Published 27/03/2015 - 5 mins Read

By Armstrong Craven Team

Talent Research Specialists

Quick Summary Learn more about Managing Leadership Risk and read our findings to help your future planning.

5 mins Read

I recently hosted a webinar on the HRD’s role in managing leadership risk. It’s a subject I feel strongly about and something that’s been under the leadership team radar for far too long.

Why discuss leadership risk? Leadership risk is the risk that senior management, either individually or collectively, do not have, or fail to apply, the capability and motivations to deliver the expected performance. This was the topic of our discussion.

What I found most interesting about the opportunity to host a webinar was gathering feedback from HRDs on approaches to leadership risk and succession in their own organisations.

Here I share some of the findings of the webinar that provide a snapshot of how leadership risk is managed, or not, in some of the UK’s largest firms. Thanks to all of those who attended the webinar and contributed to the discussion.

How effective is your succession strategy?

Some companies have demonstrated a move away from the nine box grid with a focus on the skills collectives required at leadership level. Others take a simpler approach and identify executive team confidence in the incumbents and their roles, based on now and the future.

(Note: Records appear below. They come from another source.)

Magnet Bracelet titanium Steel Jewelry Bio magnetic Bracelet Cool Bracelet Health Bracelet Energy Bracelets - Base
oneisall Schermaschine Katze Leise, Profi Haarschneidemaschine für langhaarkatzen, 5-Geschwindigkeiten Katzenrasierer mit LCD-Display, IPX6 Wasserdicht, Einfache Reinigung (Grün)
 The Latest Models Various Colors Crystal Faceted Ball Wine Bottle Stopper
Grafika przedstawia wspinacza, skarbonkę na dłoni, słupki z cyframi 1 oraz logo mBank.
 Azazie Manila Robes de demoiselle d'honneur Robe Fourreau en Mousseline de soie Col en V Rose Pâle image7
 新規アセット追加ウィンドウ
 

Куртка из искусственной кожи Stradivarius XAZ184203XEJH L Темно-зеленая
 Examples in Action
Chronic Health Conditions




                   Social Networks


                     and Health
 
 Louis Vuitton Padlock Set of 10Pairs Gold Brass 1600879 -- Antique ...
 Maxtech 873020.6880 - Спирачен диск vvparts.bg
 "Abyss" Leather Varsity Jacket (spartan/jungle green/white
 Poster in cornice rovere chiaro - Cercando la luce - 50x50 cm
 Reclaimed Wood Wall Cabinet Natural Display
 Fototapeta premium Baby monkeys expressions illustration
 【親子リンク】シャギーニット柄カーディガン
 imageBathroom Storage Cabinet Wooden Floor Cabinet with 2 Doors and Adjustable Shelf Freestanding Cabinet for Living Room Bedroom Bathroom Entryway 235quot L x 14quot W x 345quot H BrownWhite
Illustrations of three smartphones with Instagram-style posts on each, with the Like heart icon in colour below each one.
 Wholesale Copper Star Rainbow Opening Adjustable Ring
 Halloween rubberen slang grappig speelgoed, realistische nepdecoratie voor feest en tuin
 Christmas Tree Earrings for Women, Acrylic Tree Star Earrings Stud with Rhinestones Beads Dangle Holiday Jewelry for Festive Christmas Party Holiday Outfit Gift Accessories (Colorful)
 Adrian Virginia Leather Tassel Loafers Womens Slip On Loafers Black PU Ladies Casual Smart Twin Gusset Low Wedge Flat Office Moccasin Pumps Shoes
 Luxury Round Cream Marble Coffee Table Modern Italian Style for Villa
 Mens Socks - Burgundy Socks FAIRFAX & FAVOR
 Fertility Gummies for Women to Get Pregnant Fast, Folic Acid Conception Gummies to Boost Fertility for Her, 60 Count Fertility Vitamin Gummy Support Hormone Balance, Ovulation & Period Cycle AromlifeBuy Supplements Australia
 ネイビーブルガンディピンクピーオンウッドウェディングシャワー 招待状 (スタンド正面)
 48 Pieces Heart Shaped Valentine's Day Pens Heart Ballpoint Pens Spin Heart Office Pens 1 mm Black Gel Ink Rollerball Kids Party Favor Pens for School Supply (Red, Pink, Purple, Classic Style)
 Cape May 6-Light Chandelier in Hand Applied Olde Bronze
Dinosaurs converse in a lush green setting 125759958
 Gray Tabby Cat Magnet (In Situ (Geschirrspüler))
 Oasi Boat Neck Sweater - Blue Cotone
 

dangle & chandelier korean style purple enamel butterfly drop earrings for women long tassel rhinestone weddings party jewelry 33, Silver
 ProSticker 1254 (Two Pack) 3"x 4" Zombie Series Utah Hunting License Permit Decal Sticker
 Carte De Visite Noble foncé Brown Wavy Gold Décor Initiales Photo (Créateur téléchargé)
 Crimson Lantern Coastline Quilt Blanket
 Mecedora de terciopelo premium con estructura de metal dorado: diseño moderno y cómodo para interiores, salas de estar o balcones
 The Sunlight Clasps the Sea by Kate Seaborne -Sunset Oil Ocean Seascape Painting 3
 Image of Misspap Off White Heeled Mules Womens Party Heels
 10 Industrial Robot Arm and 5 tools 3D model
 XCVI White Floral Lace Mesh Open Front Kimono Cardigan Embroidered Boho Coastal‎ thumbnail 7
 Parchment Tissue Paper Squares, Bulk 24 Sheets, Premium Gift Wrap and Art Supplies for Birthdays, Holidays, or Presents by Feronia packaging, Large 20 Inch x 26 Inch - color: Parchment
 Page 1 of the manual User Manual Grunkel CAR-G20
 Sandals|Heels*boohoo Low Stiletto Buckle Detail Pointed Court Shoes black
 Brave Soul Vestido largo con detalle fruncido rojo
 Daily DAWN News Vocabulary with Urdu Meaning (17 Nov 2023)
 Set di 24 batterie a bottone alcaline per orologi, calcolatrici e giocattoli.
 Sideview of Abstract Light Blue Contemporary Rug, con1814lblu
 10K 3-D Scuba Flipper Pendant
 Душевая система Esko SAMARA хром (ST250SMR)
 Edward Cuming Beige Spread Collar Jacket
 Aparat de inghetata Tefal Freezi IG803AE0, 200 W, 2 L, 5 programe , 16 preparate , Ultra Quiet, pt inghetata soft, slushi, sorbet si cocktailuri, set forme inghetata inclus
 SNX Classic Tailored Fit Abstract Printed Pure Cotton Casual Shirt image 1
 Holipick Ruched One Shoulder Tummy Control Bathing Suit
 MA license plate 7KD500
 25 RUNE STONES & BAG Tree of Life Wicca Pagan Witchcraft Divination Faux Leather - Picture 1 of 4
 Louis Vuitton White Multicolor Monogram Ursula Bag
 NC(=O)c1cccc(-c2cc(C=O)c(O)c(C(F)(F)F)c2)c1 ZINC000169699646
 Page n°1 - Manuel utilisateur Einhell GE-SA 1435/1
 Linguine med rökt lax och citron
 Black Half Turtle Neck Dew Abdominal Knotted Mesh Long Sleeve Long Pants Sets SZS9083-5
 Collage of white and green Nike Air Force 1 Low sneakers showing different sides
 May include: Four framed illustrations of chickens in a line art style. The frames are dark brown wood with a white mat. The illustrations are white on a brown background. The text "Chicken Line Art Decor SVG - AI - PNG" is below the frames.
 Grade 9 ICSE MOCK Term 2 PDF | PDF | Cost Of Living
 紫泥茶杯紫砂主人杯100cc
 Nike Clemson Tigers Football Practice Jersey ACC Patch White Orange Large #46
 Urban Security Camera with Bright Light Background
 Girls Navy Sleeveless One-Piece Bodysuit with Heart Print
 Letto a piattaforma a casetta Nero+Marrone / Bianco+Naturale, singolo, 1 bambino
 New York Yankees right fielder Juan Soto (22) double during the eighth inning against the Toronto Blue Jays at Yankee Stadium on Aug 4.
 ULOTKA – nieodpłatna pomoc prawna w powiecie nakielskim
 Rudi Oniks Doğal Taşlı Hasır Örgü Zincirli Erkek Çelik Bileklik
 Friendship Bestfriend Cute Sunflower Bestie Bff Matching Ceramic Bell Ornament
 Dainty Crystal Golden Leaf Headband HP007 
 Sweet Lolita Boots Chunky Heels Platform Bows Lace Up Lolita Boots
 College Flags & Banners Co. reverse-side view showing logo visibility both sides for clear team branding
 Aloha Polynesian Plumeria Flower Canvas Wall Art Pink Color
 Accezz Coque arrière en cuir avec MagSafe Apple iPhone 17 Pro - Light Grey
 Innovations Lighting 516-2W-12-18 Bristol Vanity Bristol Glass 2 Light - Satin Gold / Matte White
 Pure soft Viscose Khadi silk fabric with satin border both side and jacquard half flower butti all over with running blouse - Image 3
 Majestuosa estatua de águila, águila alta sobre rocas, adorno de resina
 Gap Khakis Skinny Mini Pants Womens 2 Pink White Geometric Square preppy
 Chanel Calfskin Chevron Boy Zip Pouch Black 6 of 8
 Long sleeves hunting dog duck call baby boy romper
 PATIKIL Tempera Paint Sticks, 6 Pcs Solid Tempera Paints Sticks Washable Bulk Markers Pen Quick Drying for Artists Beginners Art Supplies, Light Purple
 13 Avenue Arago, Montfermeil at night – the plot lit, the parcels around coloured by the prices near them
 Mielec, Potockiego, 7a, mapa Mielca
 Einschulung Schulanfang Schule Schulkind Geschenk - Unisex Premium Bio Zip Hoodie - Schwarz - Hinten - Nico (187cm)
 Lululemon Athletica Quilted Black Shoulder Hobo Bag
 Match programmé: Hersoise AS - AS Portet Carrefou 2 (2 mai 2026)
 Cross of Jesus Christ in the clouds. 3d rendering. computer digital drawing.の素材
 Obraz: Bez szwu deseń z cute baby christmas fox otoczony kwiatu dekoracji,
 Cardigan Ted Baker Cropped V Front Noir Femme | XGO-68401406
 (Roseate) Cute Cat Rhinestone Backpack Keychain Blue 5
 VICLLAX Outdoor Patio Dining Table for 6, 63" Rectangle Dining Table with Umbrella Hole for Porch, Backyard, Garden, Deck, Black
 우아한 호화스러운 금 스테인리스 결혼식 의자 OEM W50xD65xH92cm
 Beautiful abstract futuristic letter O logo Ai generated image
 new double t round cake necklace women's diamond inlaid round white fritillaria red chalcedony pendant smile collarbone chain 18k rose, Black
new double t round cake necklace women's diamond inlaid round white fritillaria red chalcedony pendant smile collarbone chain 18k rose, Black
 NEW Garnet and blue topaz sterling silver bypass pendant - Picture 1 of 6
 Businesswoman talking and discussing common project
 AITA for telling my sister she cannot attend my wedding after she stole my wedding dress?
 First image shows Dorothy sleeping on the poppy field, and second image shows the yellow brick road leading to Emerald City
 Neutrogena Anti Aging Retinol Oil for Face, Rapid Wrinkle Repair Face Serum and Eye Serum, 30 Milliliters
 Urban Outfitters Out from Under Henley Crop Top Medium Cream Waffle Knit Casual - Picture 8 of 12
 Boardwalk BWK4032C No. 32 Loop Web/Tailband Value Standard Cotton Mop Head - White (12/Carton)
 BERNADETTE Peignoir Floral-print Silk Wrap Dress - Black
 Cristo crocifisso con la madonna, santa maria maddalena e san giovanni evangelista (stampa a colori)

Most HR professionals state there needs to be a mentality shift in their business leaders to take a group view of leader and develop more robust succession strategies. We hear of a difference between supply and demand, in terms of the calibre of future leaders.

What is your organisation’s biggest succession challenge?

Few companies have defined ‘what’ makes their existing leaders good; there is a lack of defined competencies. Few companies have based their views on a future led view, they are replacement planning not succession planning.

Where competencies are defined these have yet to work their way into the overall leadership development programme to ensure future leaders can be developed against the organisation’s strategy.

In addition, we know that average CEO tenure is decreasing. In 2000, average CEO tenure was about 10 years, but by 2012 it had dropped to 8.1 years. So with this in mind, who applies the future view? Who succession plans against the business needs of the future (versus replacement planning of the current incumbent)?